Una maniera chirurgica di intervenire, un nuovo modo di attaccare i nemici che fa di Stuxnet – come ha scritto in una lunga inchiesta sull’edizione americana di «Vanity Fair» Michael Gross – «l’Hiroshima della guerra cybernetica».
Bush dà il primo via libera all’operazione, che viene denominata Olympic Games, giochi olimpici, e coinvolgerà – come racconta il documentario – la Cia, la National Security Agency con il suo cyber comando militare e l’unità 8200 dell’intelligence israeliana specializzata in cyber armi.
L’autorizzazione del presidente è necessaria: come rivelerà Edward Snowden anni dopo, tutte le operazioni segrete di sorveglianza informatica richiedono il sì ufficiale del presidente degli Stati Uniti. Ma certo non basta: per riuscire nell’impresa bellica tocca individuare una falla anomala del sistema operativo, la cosidetta zero day.
Iniziano le collaborazioni sempre più strette tra l’azienda Siemens e il laboratorio ingegneristico nazionale dell’Idaho, fondato nel 1949 per produrre energia nucleare e «trasferire le tecnologie che sono prodotte con contributi federali verso l’industria privata e l’università».
La versione ufficiale sulla collaborazione recita che grazie al know-how di entrambi è molto più facile identificare la vulnerabilità dei sistemi agli attacchi informatici. Salvo poi leggere nel 2010 in un dispaccio diplomatico diffuso da Wikileaks che il Dipartimento di Stato americano fosse il mittente di una spedizione verso gli Emirati – destinazione finale Teheran – di 111 scatole piene di controllori Siemens destinati ai sistemi di purificazione dell’uranio.

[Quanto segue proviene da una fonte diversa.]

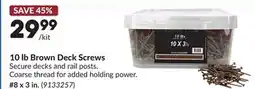 Princess Auto 10 lb Brown Deck Screws, #8 x 3 in offer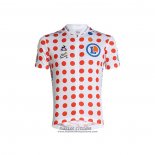 2021 Maillot Cyclisme Tour de France Rouge Blanc Manches Courtes et Cuissard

I «Giochi olimpici» si rivelano fruttuosi: tra il 2008 e il 2009 si spengono – per errori non identificabili dagli addetti – 984 centrifughe della centrale iraniana di Natanz. La nuova guerra fredda delle armi cibernetiche fa vittime non solo tra i macchinari: a partire dal 2009 cominciano a registrarsi diversi casi di omicidi tra gli scienziati iraniani, che seguono un pattern, una dinamica simile e soprattutto hanno tutti lo stesso esito: la mancata individuazione dei colpevoli.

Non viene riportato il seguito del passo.